Scraped caption text data:
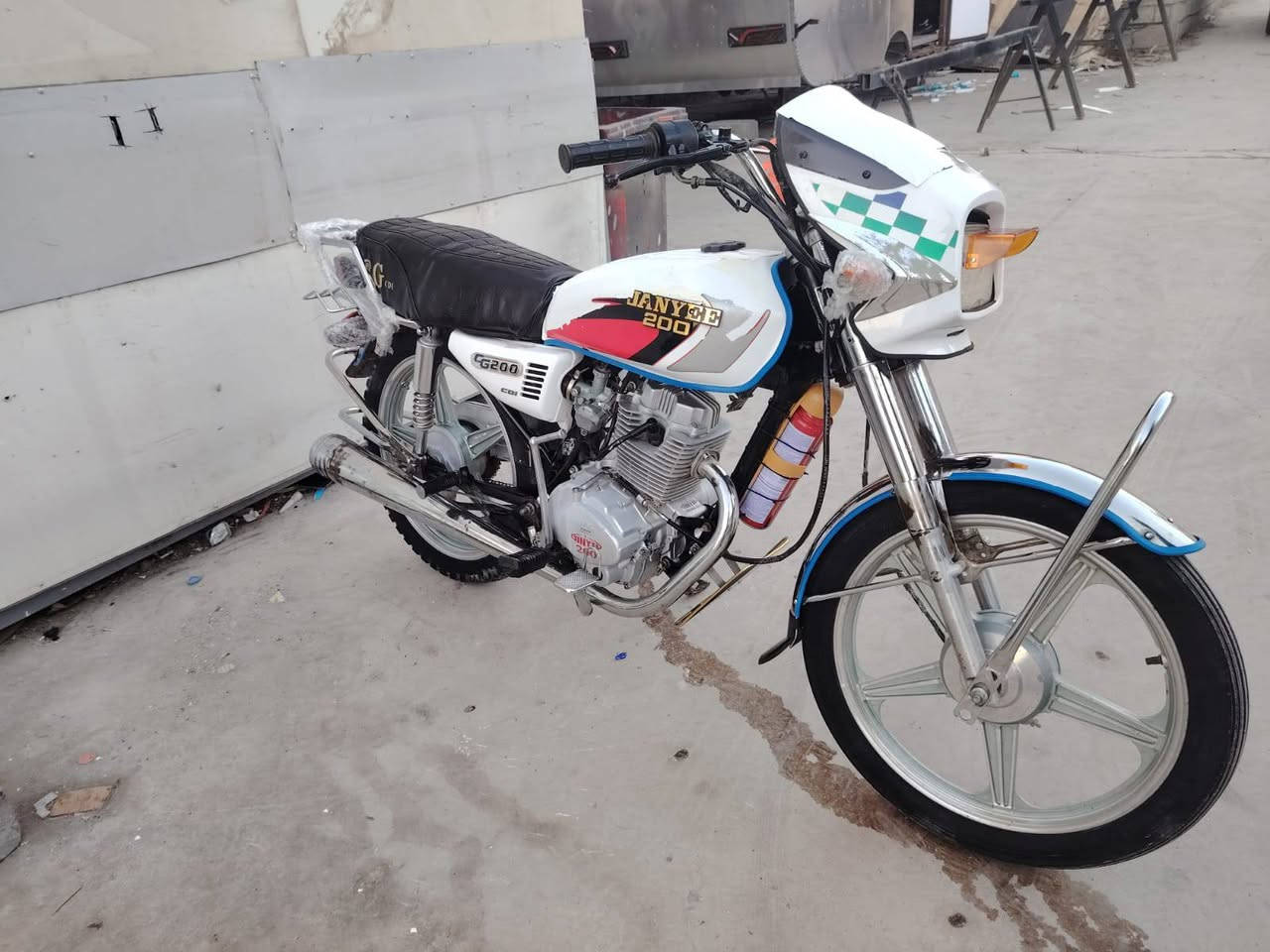 جني محرك 200للبيع
گير محرك بشرط 
كهربائيات كله شغال بشرط 
الماطور فول نشط ماشاءالله 
سعره 325وبي مجال قليل للطيبين 
***********
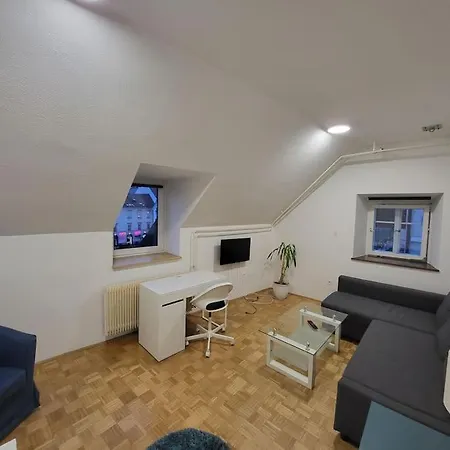 Romantic Old Town Flat With River View לובליאנה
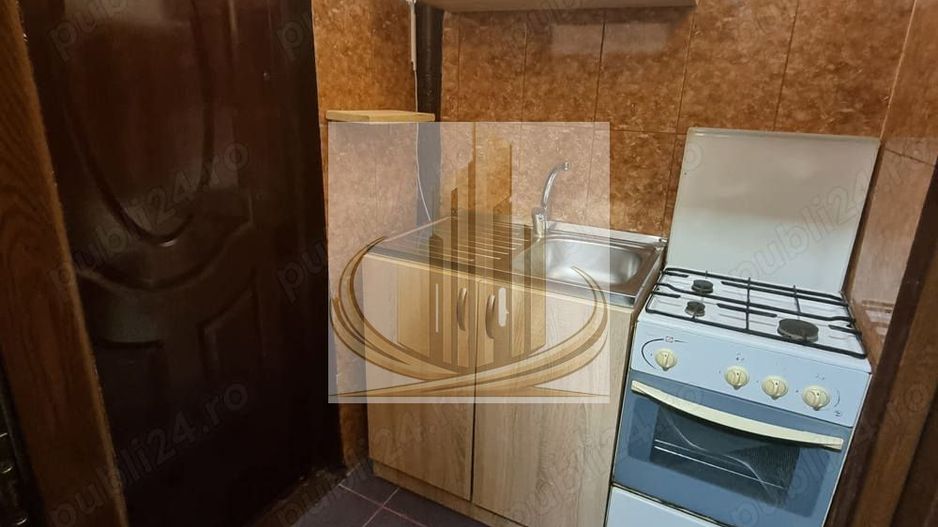 De Inchiriat Garsoniera 16mp zona UMT - Poză 1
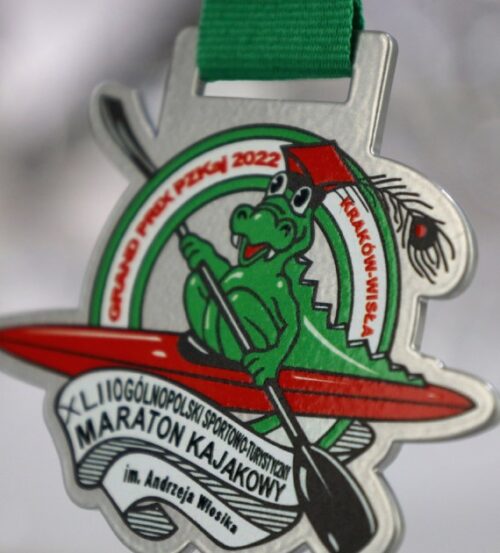 Nowoczesny medal na Maraton Kajakowy wycinany za pomocą lasera z kolorowym nadrukiem - detal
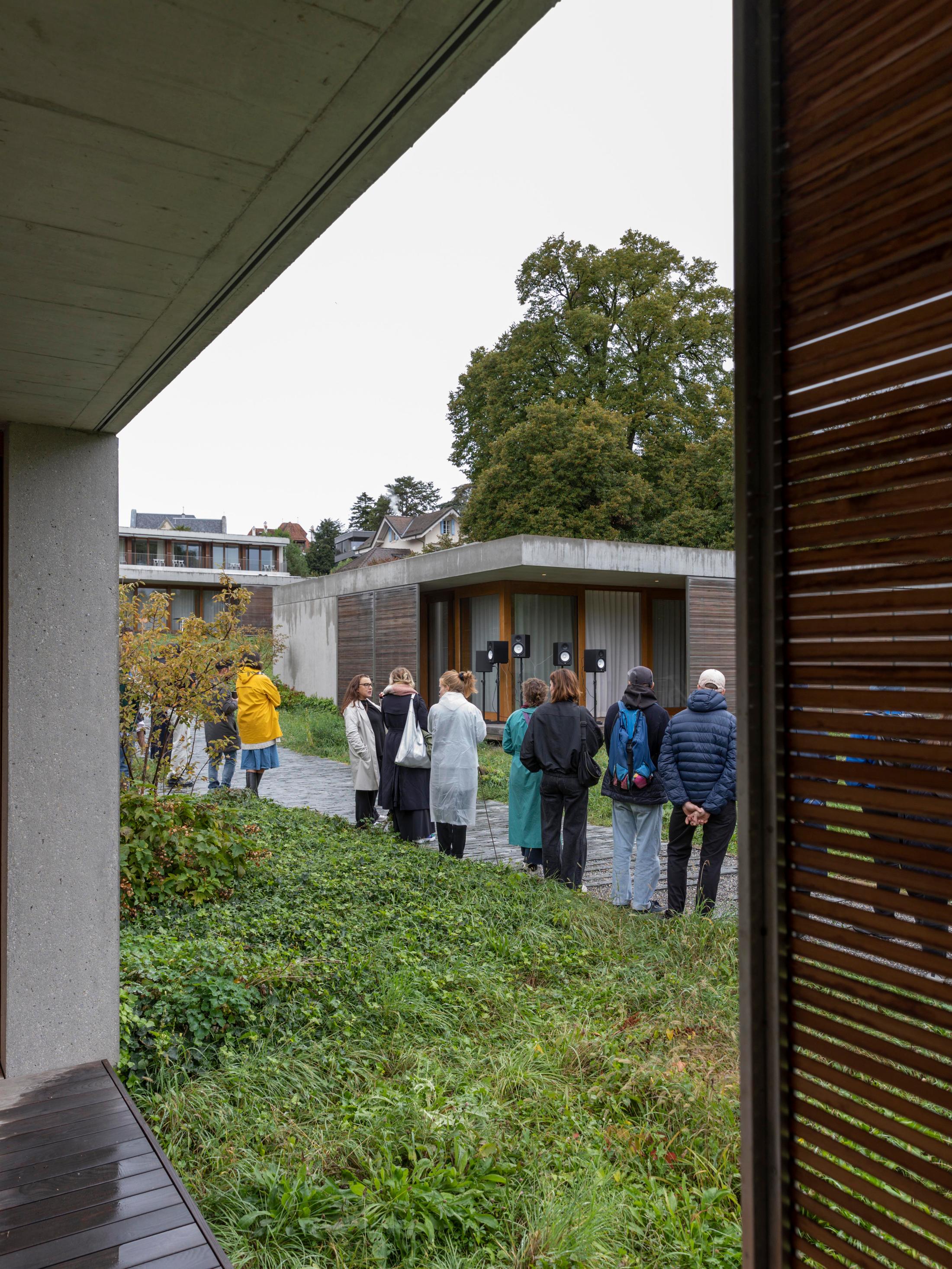 Exhibition View Groupshow «Modern Nature: An Hommage to Derek Jarman, part II; view on Dorota Gawęda and Eglė Kulbokaitė, Rūta (Pentatonic), sound performance, 2020» at La Becque, La Tour-de-Peilz, 2020 / Photo: Julien Gremaud / Courtesy: the artists and La Becque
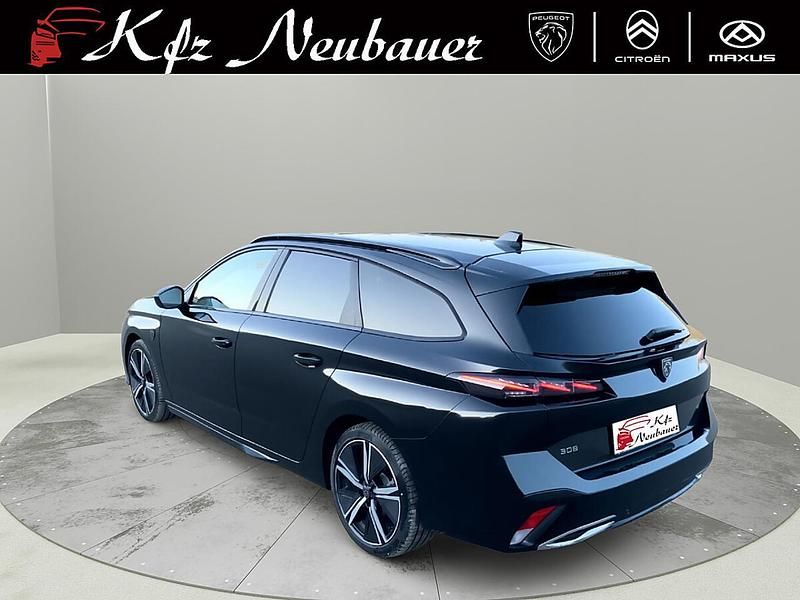 Gebraucht Peugeot 308 GT 131 PS (96 kW) 2024 Schwarz Limousine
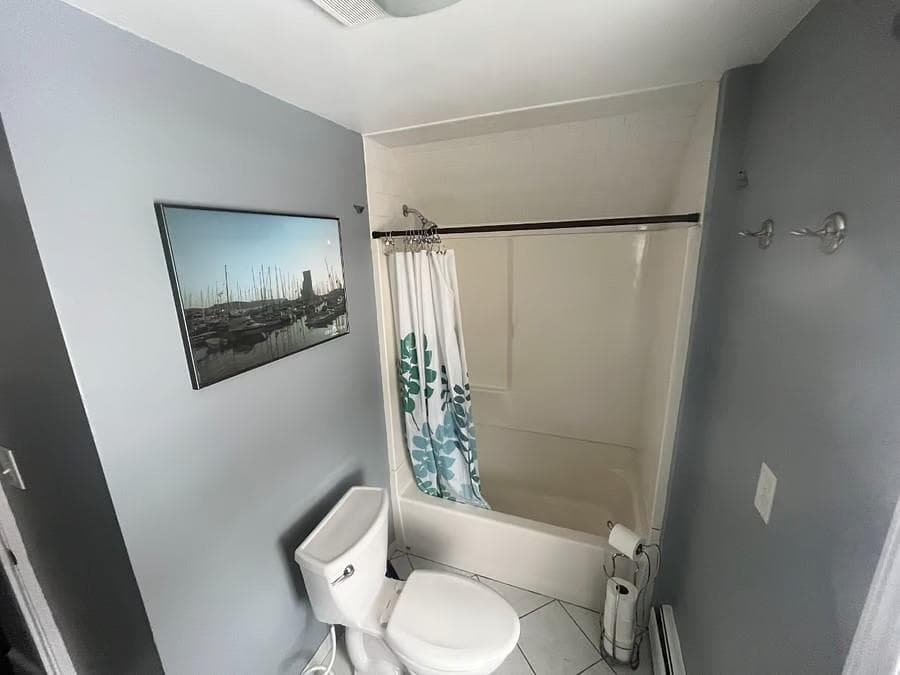 1040 Cranston Street photo 37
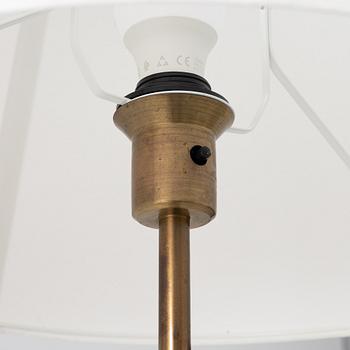 Golvlampor ett par, Nybro Armaturfabrik, 1900-talets andra hälft.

**WHAT TO WORK ON**
Extract each line from the entries above that contains the string "بشرط".

**ANSWER**
گير محرك بشرط 
كهربائيات كله شغال بشرط 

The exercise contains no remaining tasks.